2021年 07月 01日
レインボーカラーをやめたUEFAは「時代遅れで古臭く腰抜けだ」
6月22日(火)、欧州サッカー連盟UEFAは、バイエルン・ミュンヘンの本拠地アリアンツ・アレーナをレインボーカラーにする当初の計画をやめた。ドイツとハンガリーの試合の前日のことだった。
ノルウェーから届いたメディアによると、ノルウェーの文化・平等大臣アビド・ラジャは、このUEFAの判断を、「時代遅れだ」「古臭い」「腰抜けだ」と、ただちに強く抗議した。
彼の厳しい批判はさらに続いて…。
「欧州サッカー連盟UEFAは、社会的責任を理解していない。深く失望した」
「どのような人たちの価値をサッカーが代表するか、また代表すべきかについてUEFAはわかっていないのでは。サッカーは、すべての人を含めるべきものであり、すべての人のためのものだ。サッカーは、障がいを持つ人たちのためだけでもなく、ある人種の人たちのためだけでもなく、ヘテロセクシュアルの人たちのためだけでもない」
ノルウェーのアフテンポステン紙によると、レインボーカラーを記念したライトアップは、ハンガリー国会が、未成年者に同性愛を奨励することを禁ずる法律を最近可決したことを受けて浮上した。「レインボーカラーにライトアップすることをUEFAが拒否したのは政治的だと思う人もいます。
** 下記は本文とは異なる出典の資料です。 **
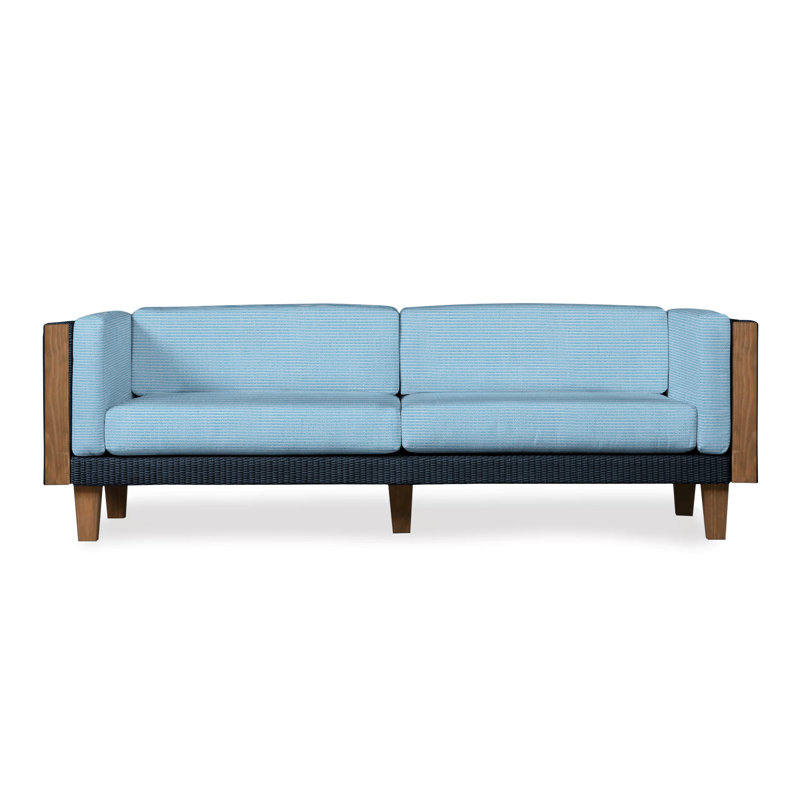 Catalina Outdoor 3 - Seat Patio Sofa, Ebony, Decorline Natural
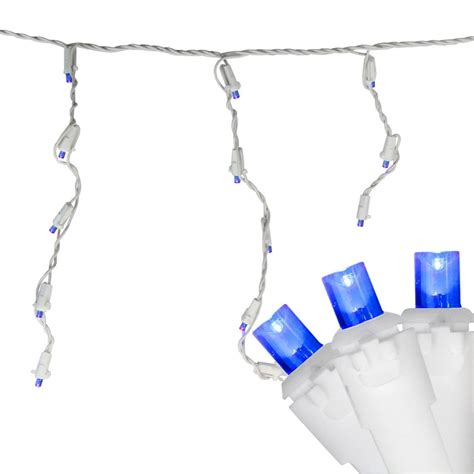 Set Of 100 Blue Led Wide Angle Icicle Christmas Lights White Wire
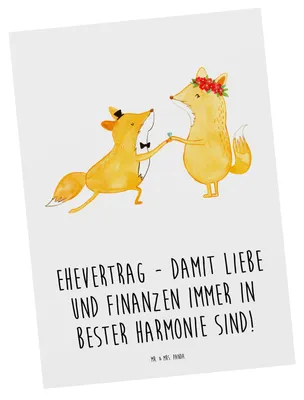 Produktbild von Mr. & Mrs. Panda einzelkarte Ehevertrag Liebe Finanzen - Weiß - Geschenk, Ansichtskarte, Harmonie, Kunstkarten, Postkarten, Grußkarte, Ansichtskarten, Heirat, Respekt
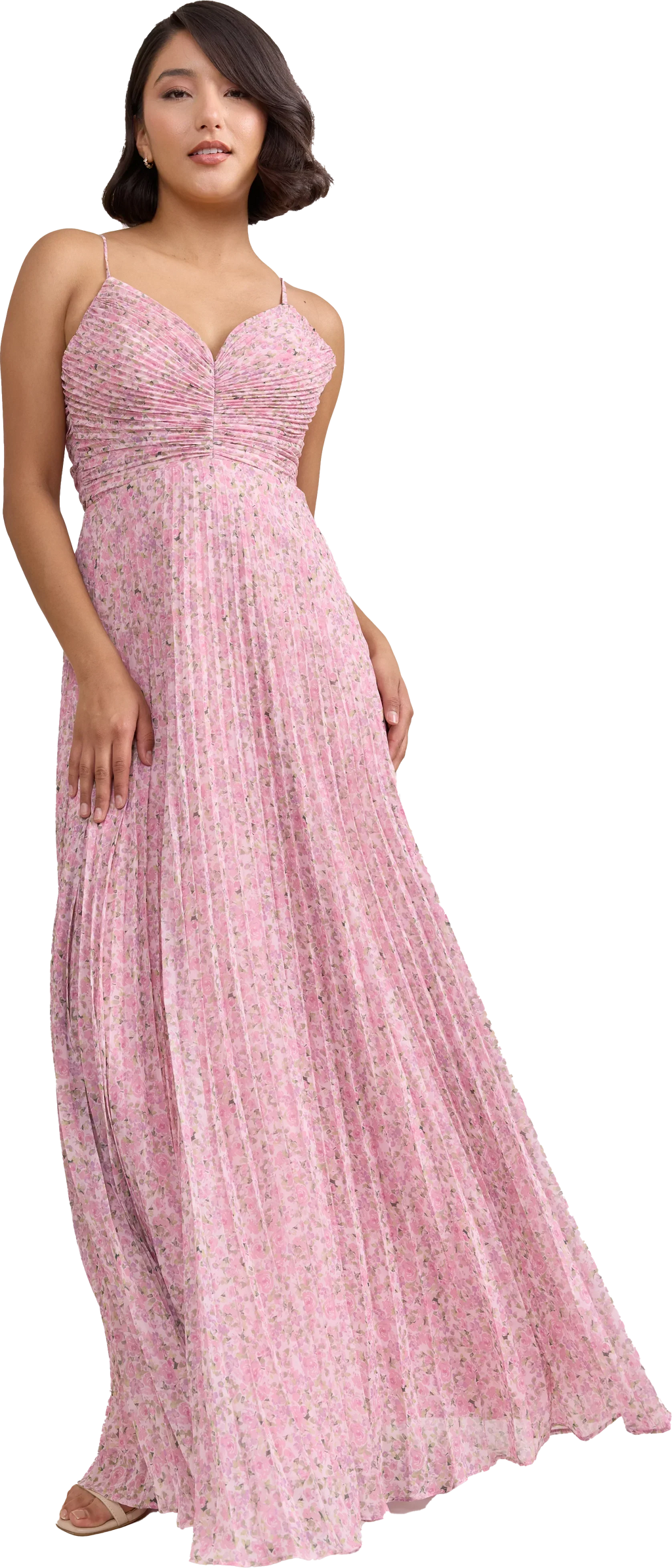Chiffon Pleated Floral Print Dress | Made To Order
しかし、逆に、レインボーカラーを要望すること自体が政治的です。今夜、ドイツでハンガリーのサッカー選挙が出場することに関連づけたのですから」とUEFAの反論も付記されている。
バイエルン・ミュンヘンの本拠地アリアンツ・アレーナは、ミュンヘン郊外のアウトバーン近くにあるサッカー場。試合があると、さまざまな色にライトアップされるのだという。
私は、アビド・ラジャ文化・平等大臣の勇気ある発言に拍手を送りながら、彼のような人が閣僚の一角を占めるノルウェーの内閣人事に驚いた。
彼は、2020年1月、中道保守政権から進歩党がぬけたため、自由党から入閣した。多様性のシンボルのような人物だ。FEM-NEWSで、そのとき紹介した短文を再掲する。
「パキスタン系ノルウェー人で弱者の味方。父は工場労働者で母は専業主婦。暴力が絶えない家庭で彼も暴力におぼれて学校を中退、少年院に。その後、高校に再入学して大学へ。弁護士、政治家、人権活動家として活発に発言を続ける。」
一匹オオカミとして行動するタイプで、社会的弱者、とりわけ肌の色の濃い人たちへの差別を許さず、一貫して行動を続けてきた。そのため絶大な人気を誇る一方、敵も多い。殺害を予告する脅迫も舞い込んでおり、住所を明かしていないと、報道されている。